Print exactly the lines below between the line containing "plusieurs verres à" and the line containing "Vanessa Johansen showing", counting both of those lines. Leave pictures out.

RECORDS PROVIDED
━━━━━━━━
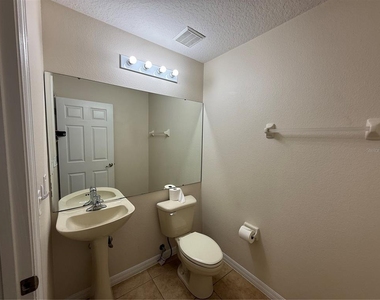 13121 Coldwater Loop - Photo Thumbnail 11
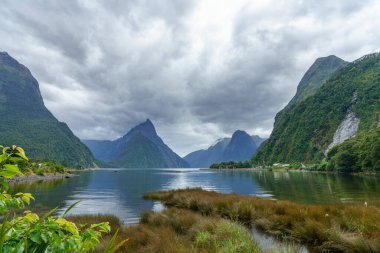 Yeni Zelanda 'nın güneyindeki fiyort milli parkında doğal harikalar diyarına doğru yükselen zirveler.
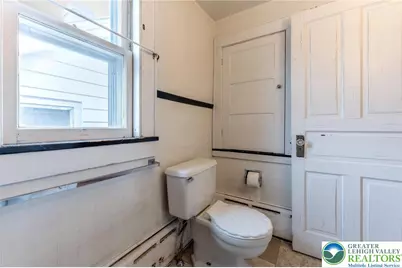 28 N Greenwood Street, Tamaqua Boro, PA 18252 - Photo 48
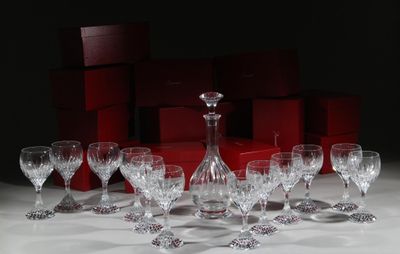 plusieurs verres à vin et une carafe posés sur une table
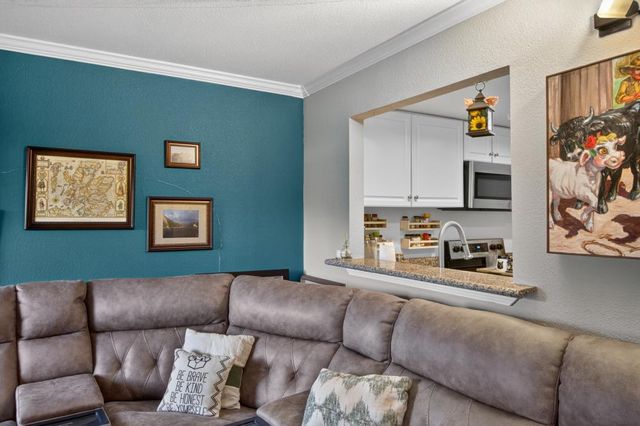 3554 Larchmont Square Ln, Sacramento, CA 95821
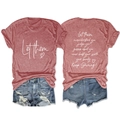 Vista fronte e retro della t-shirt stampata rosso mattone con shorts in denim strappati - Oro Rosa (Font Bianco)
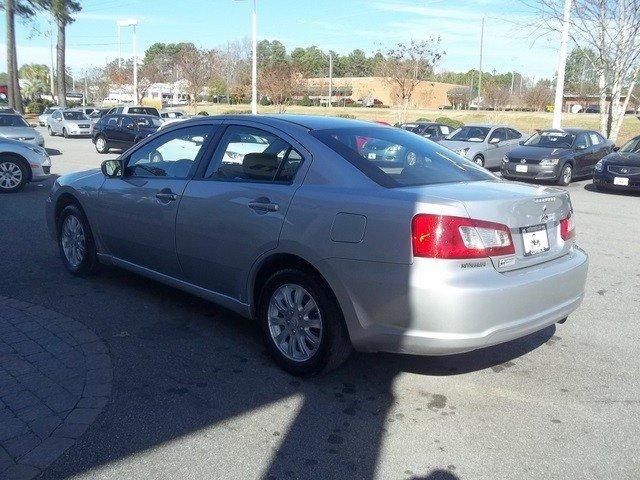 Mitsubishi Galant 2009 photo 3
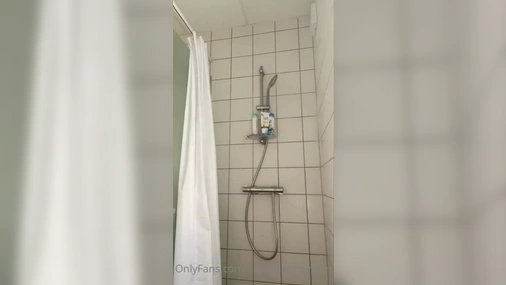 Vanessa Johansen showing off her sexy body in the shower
━━━━━━━━
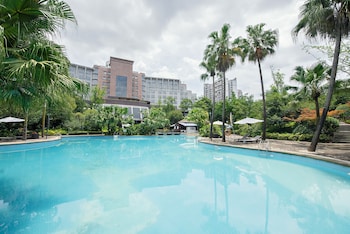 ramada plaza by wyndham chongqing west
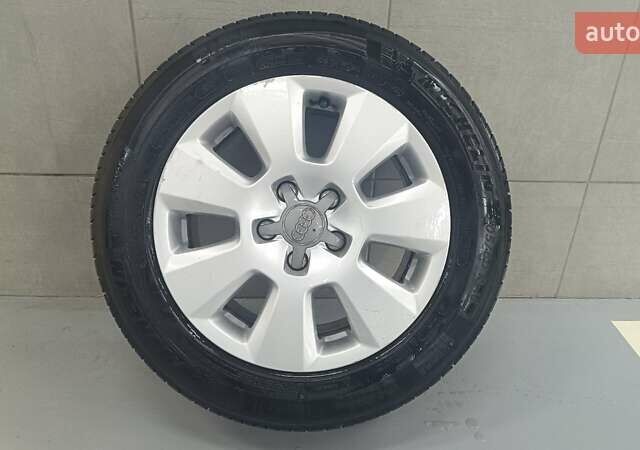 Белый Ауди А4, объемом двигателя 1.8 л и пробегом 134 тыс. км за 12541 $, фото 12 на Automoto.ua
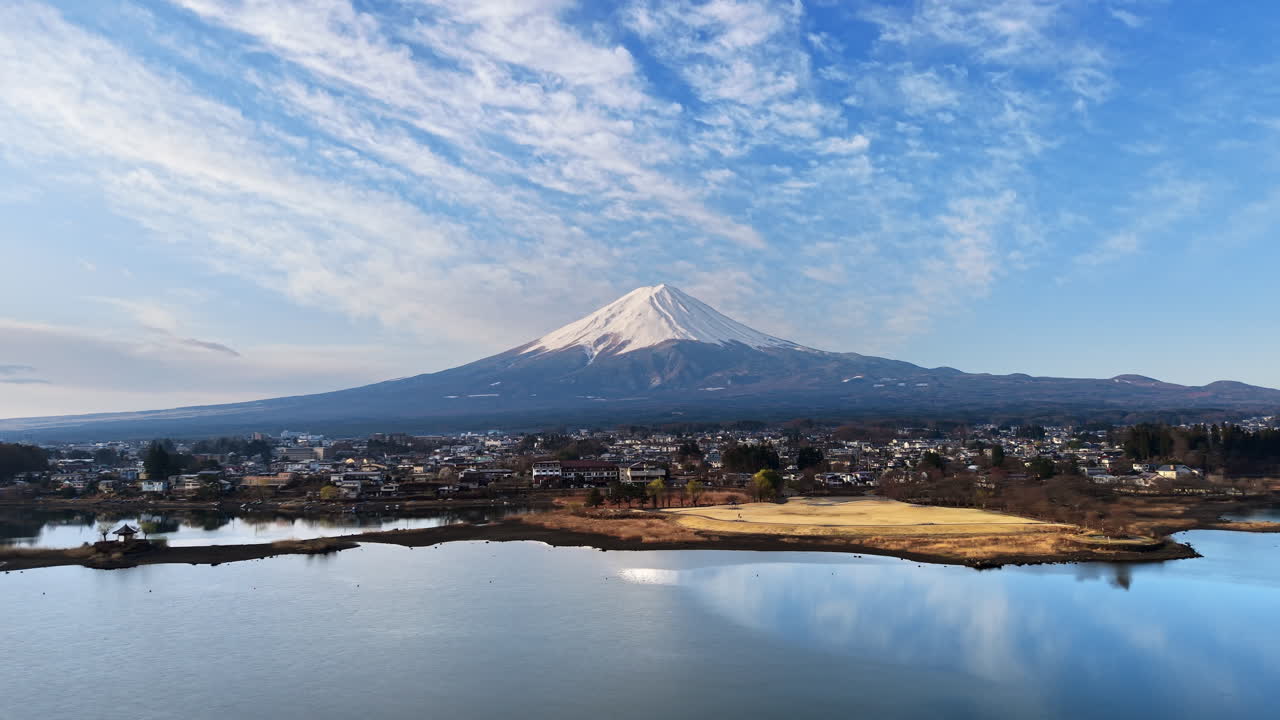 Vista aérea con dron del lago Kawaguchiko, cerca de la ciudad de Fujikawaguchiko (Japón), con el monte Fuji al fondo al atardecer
━━━━━━━━
WRITTEN ANSWER
 plusieurs verres à vin et une carafe posés sur une table
 3554 Larchmont Square Ln, Sacramento, CA 95821
 Vista fronte e retro della t-shirt stampata rosso mattone con shorts in denim strappati - Oro Rosa (Font Bianco)
 Mitsubishi Galant 2009 photo 3
 Vanessa Johansen showing off her sexy body in the shower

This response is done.